→ **PROBLEM**
Although the entries contain pictures, write out only their text, exactly as it stands.

BEGIN

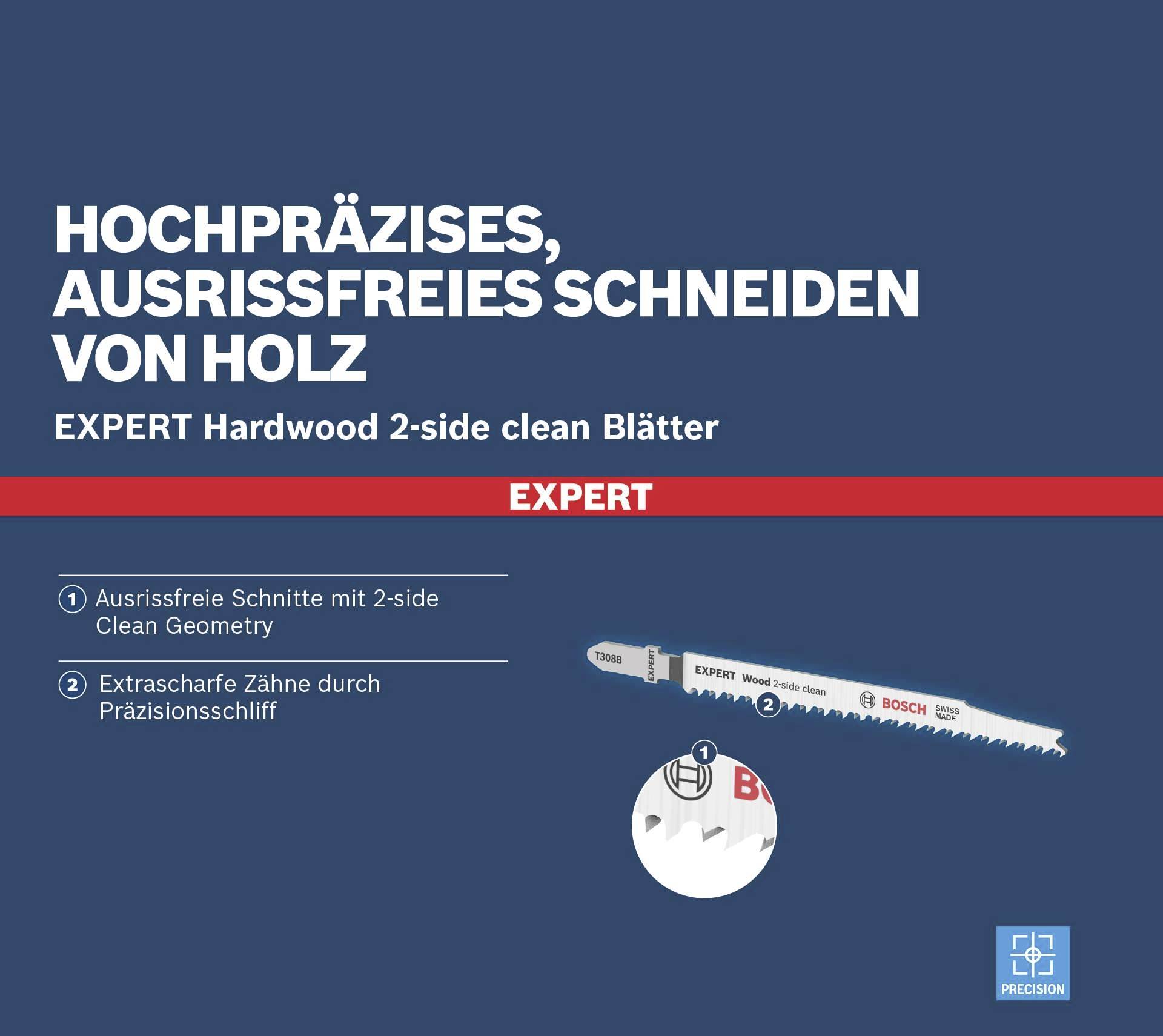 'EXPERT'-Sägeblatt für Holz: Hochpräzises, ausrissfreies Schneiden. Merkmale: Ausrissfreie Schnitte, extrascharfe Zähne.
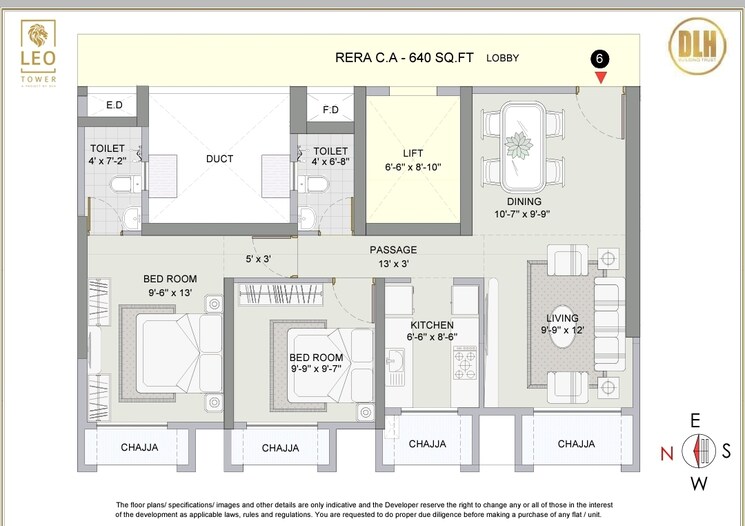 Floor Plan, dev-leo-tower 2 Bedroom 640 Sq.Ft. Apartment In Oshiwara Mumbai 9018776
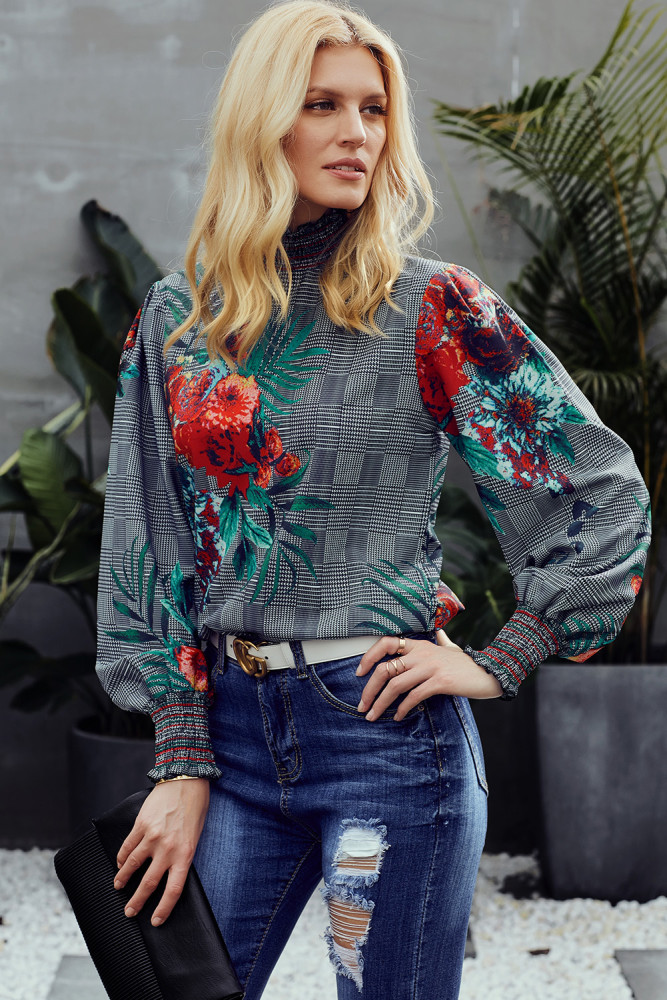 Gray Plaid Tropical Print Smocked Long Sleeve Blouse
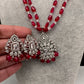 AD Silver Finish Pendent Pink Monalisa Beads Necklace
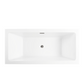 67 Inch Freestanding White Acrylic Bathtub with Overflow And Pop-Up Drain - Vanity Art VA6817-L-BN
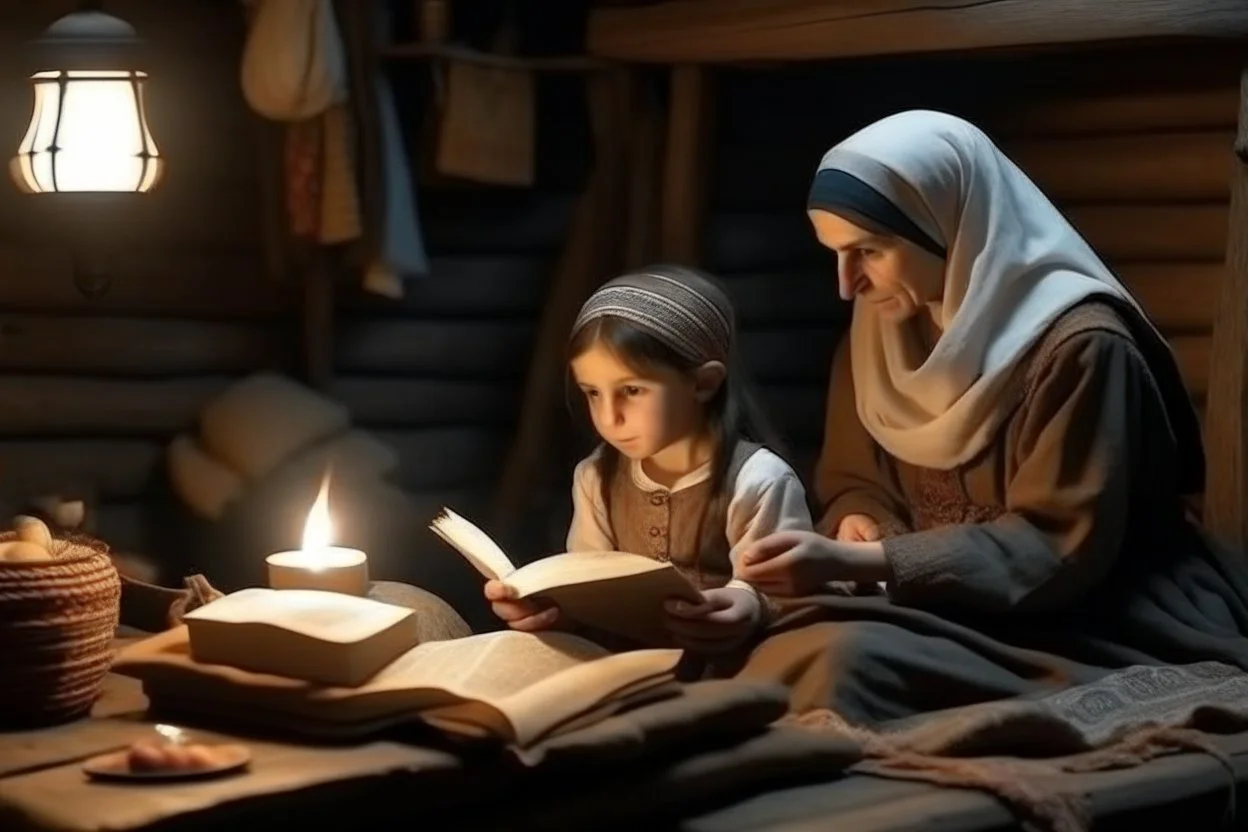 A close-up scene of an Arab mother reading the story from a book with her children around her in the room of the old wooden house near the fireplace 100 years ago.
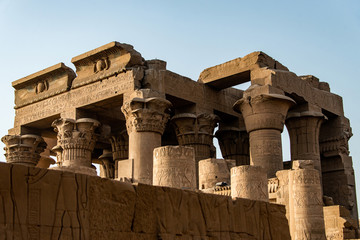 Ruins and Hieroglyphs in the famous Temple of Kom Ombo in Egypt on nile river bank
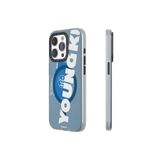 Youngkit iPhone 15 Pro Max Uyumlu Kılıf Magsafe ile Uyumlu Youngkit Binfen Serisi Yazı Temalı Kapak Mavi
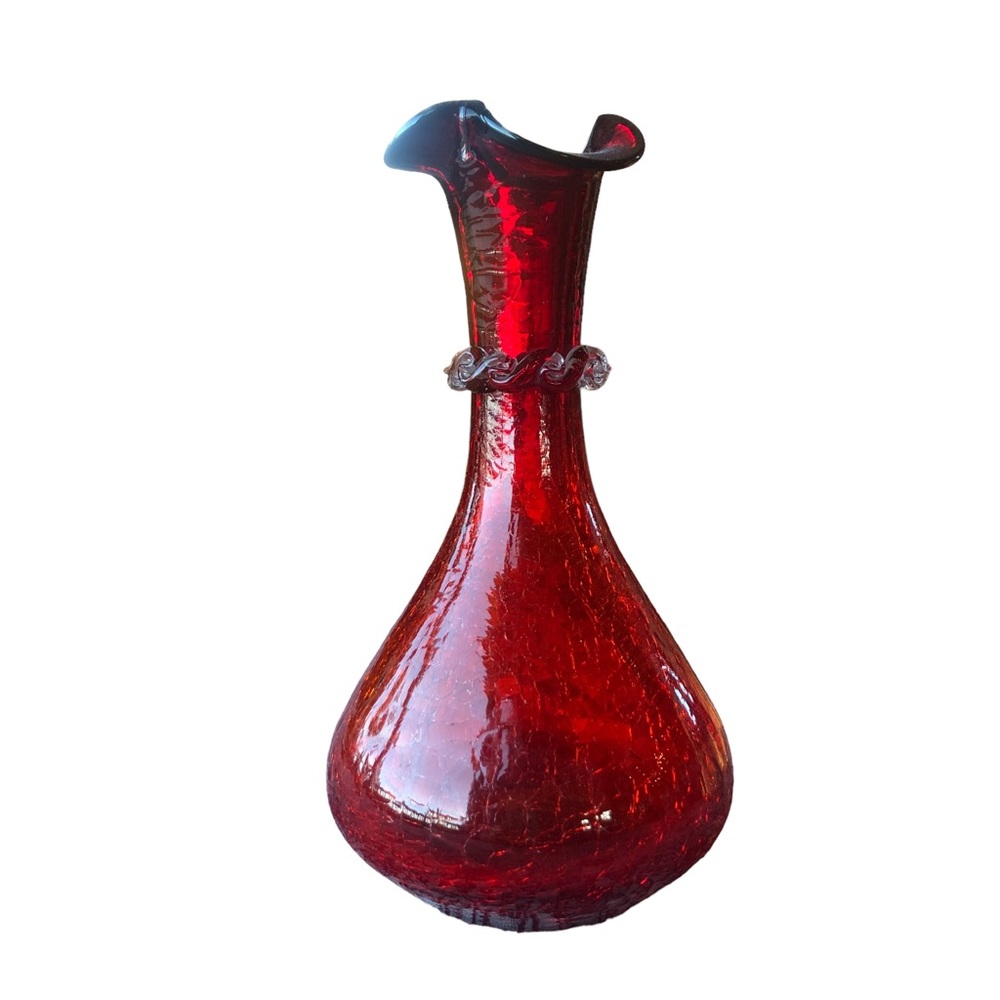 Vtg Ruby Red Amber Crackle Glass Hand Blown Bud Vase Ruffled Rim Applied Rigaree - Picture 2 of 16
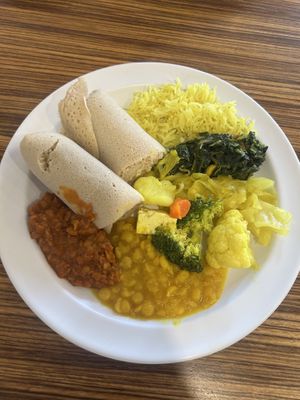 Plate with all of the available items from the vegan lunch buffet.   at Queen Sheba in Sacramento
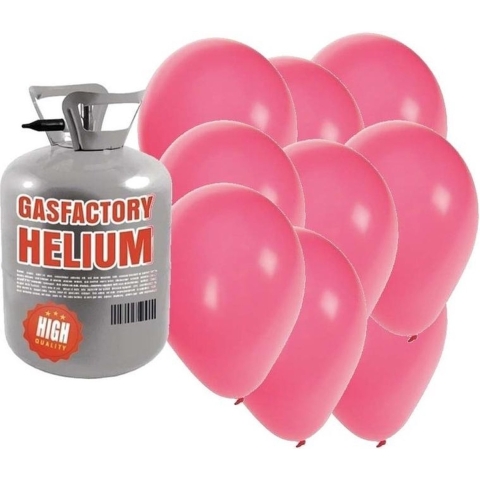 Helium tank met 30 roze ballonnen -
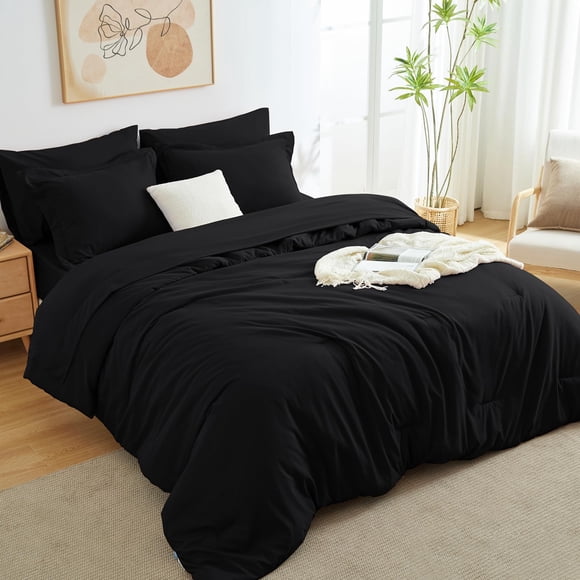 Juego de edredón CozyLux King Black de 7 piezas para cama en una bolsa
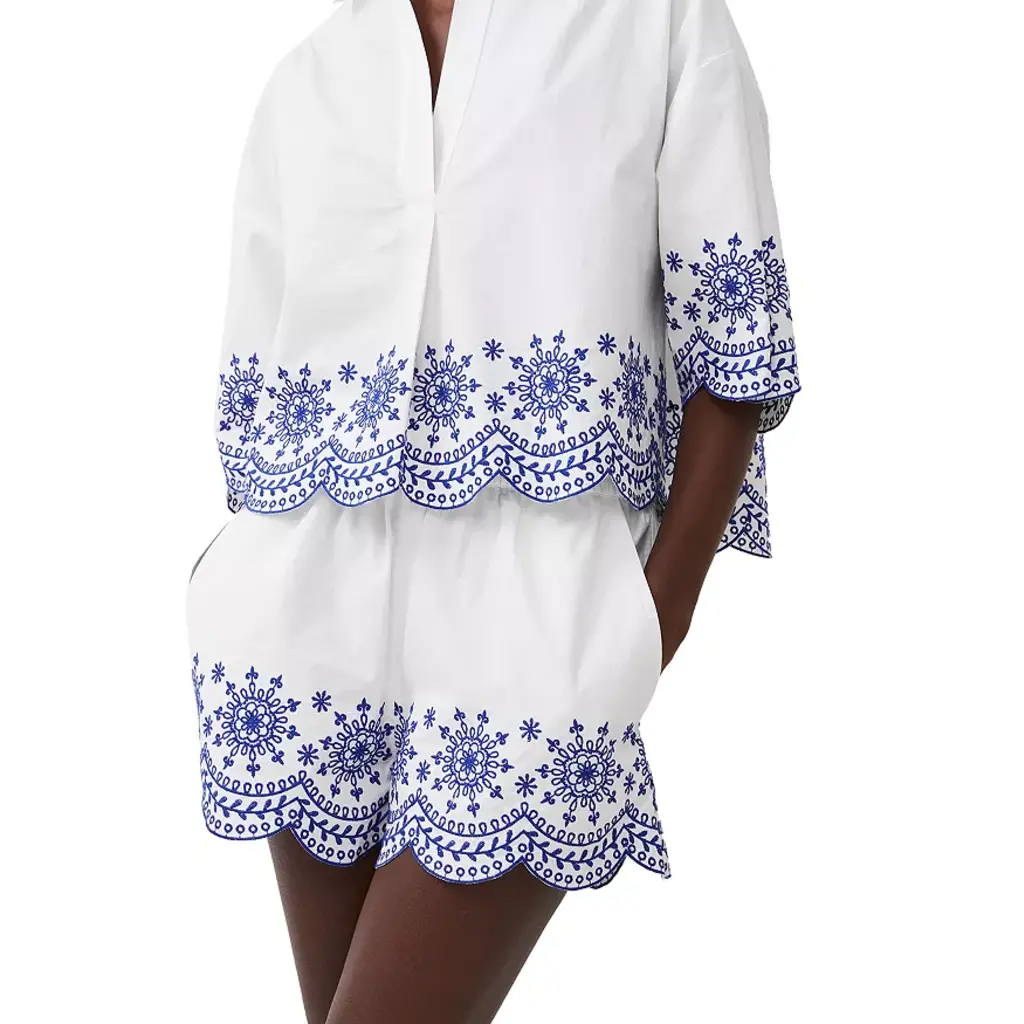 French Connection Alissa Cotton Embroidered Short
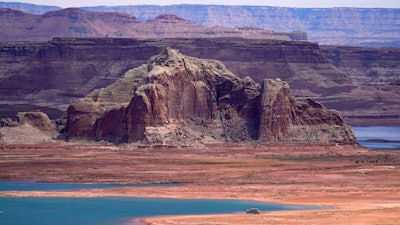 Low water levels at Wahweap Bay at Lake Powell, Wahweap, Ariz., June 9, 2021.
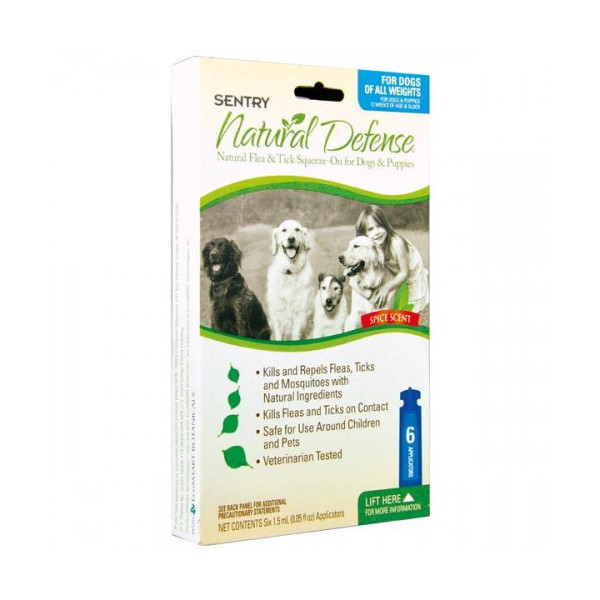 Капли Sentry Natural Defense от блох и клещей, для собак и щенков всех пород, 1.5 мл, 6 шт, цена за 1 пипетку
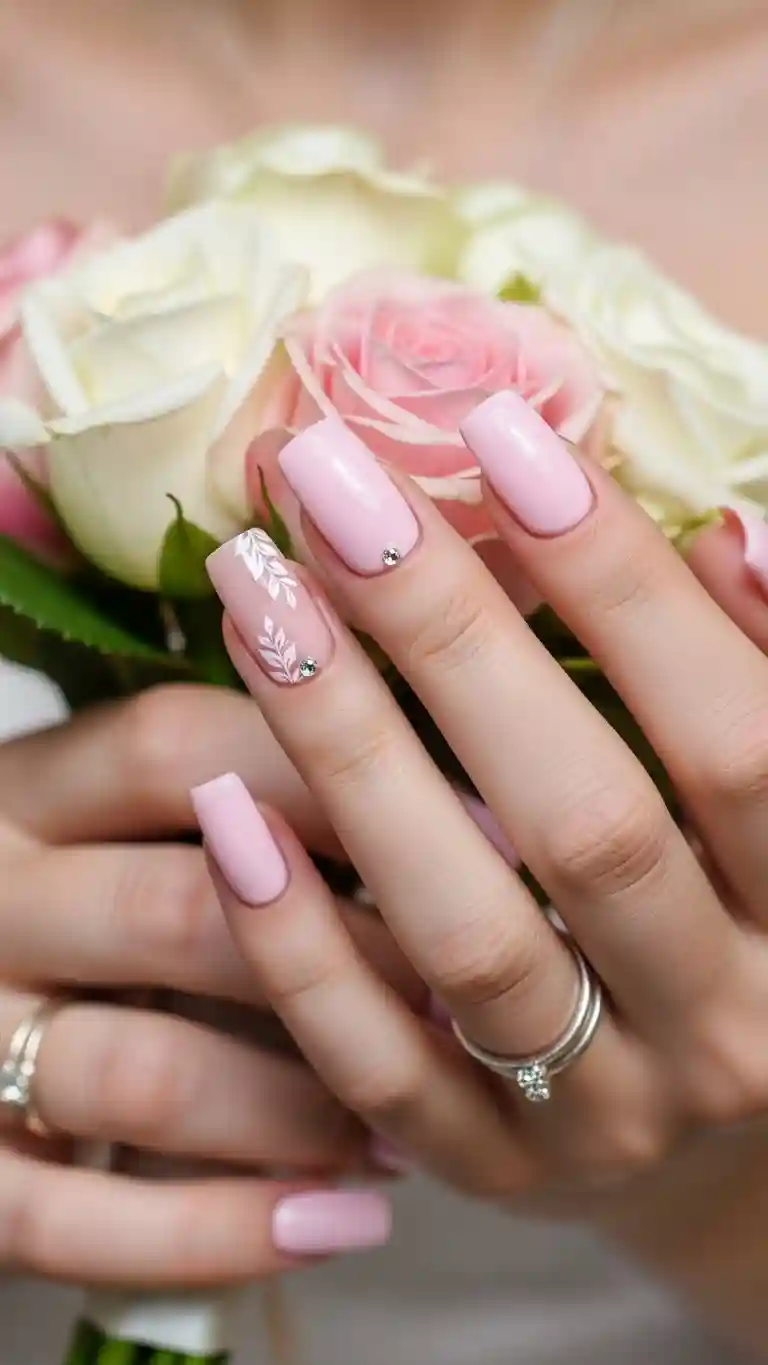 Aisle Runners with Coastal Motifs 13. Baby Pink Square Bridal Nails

END

→ **ANSWER AREA**
 'EXPERT'-Sägeblatt für Holz: Hochpräzises, ausrissfreies Schneiden. Merkmale: Ausrissfreie Schnitte, extrascharfe Zähne.
 Floor Plan, dev-leo-tower 2 Bedroom 640 Sq.Ft. Apartment In Oshiwara Mumbai 9018776
 Gray Plaid Tropical Print Smocked Long Sleeve Blouse
 AD Silver Finish Pendent Pink Monalisa Beads Necklace
 67 Inch Freestanding White Acrylic Bathtub with Overflow And Pop-Up Drain - Vanity Art VA6817-L-BN
 A close-up scene of an Arab mother reading the story from a book with her children around her in the room of the old wooden house near the fireplace 100 years ago.
 Ruins and Hieroglyphs in the famous Temple of Kom Ombo in Egypt on nile river bank
 Youngkit iPhone 15 Pro Max Uyumlu Kılıf Magsafe ile Uyumlu Youngkit Binfen Serisi Yazı Temalı Kapak Mavi
 Vtg Ruby Red Amber Crackle Glass Hand Blown Bud Vase Ruffled Rim Applied Rigaree - Picture 2 of 16
 Plate with all of the available items from the vegan lunch buffet.   at Queen Sheba in Sacramento
 Helium tank met 30 roze ballonnen -
 Juego de edredón CozyLux King Black de 7 piezas para cama en una bolsa
 French Connection Alissa Cotton Embroidered Short
 Low water levels at Wahweap Bay at Lake Powell, Wahweap, Ariz., June 9, 2021.
 Капли Sentry Natural Defense от блох и клещей, для собак и щенков всех пород, 1.5 мл, 6 шт, цена за 1 пипетку
 Aisle Runners with Coastal Motifs 13. Baby Pink Square Bridal Nails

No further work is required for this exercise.